The Sonoran desert calls to mind many attributes: captivating vistas, Southwestern style, stunning sunsets. Agriculture, though, doesn’t jump to the top of the list. Yet at Westward Look Wyndham Grand Resort & Spa, agriculture is one of the most unusual attractions. On this expansive 80-acre property—home to 241 guest rooms, including a suite with a private outdoor freshwater hot tub; three sparkling pools; and a spa offering personal indulgences like desert stone massages, blue corn scrubs, and Ayurvedic treatments—over an acre of land is set aside for a chef’s garden. That’s in addition to the two herb gardens—one by the dining room and one by the spa, where guests can choose their own herbs for treatments—and the various fruit trees scattered across the grounds. Those include pomegranate trees and “about the only two fruit-bearing avocado trees in Tucson,” says the director of food and beverage Morgan Puffenbarger. That magic is thanks to a man Puffenbarger calls “the plant whisperer”—grounds manager Raymundo Ocampo, who grew up in a gardening family in southern Mexico and has been with Westward Look for 30 years.
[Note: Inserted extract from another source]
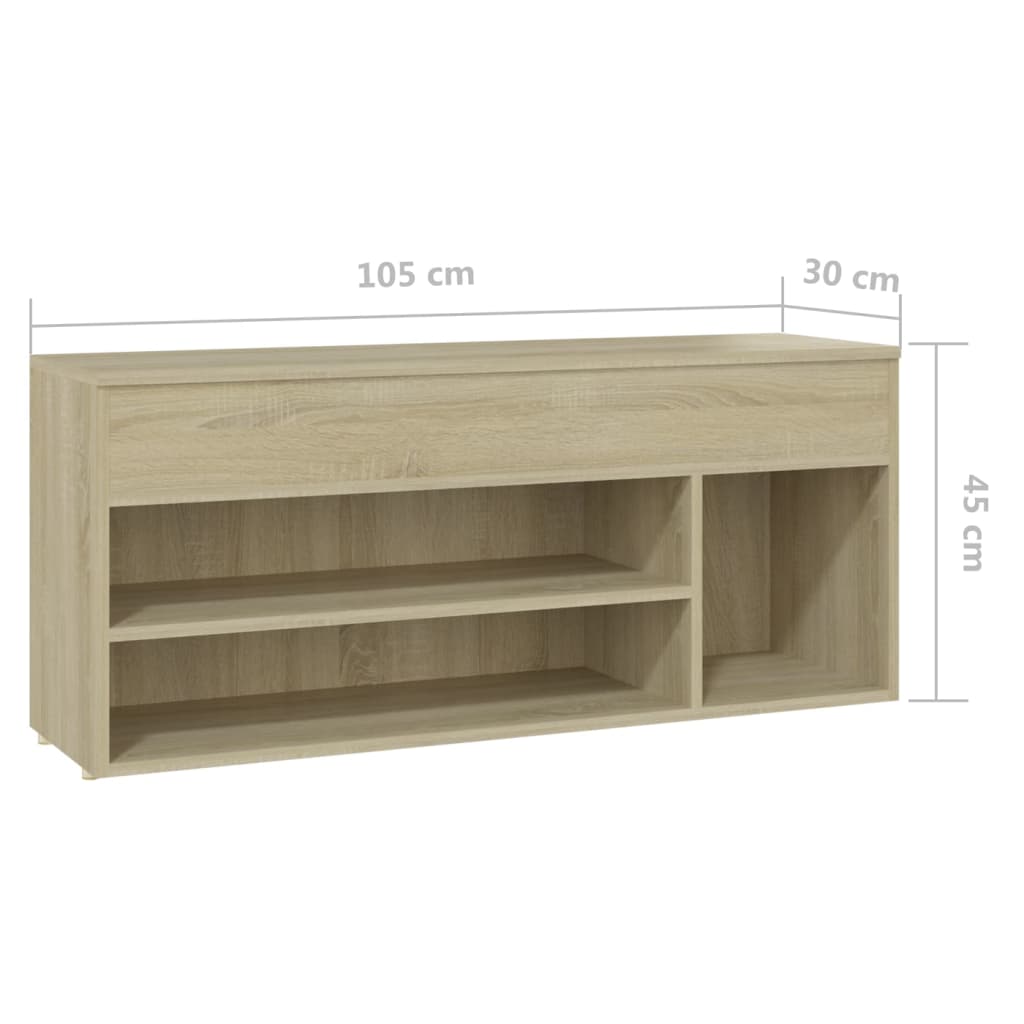  Schuhbank Sonoma-Eiche 105x30x45 cm Holzwerkstoff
Ocampo grows 40 to 50 items throughout the year, including lettuces, Swiss chard, beets, Chinese cabbage, turnips, carrots, onions, broccoli, and cauliflower. “We replant about every quarter, something good for that time period,” Puffenbarger says. “February, we’ll be finishing the winter. March is the beginning of the new spring planting season, so we’ll start tomatoes and peppers so that the seeds can germinate. We’re always doing heirloom tomatoes in February and March.”
The on-site produce features prominently in the resort’s two dining destinations, the Gold Restaurant and the Lookout Bar & Grille. Right before planting season, Ocampo and executive chef Antonio Rodriguez discuss what’s being planted, and then the chef designs the menu around the crop as much as possible. There are daily changing garden salads with seasonal offerings like pomegranate vinaigrettes; Asian pear, baby green, and radicchio salads; and English pea risotto with fresh-picked leeks and chard. “We maybe do 40 to 50 covers a night in our Gold Restaurant,” Puffenbarger says. “We can change the items daily and weekly. We do nightly specials as well.”
Of course, the desert environment does present specific challenges. “The good news is that we don’t [experience freezing temperatures] a whole lot here,” Puffenbarger says. “We try to plant seasonal things that can handle the freeze; we don’t cover when it freezes.” They also plant near pools and walls to utilize the humidity and heat, respectively, that they retain. While the summer is hot, Puffenbarger explains that the area experiences a monsoon season in late summer, with almost nightly rain that meets the plants’ needs. They plant shorter crop cycles as well and are looking into building cisterns to capture rainwater.
The produce is popular with guests interested in organic eating, and the plants themselves are also a big hit. “As guests walk from the main building to their rooms, they pass a few trees bearing fruit,” Puffenbarger says. “People love that.”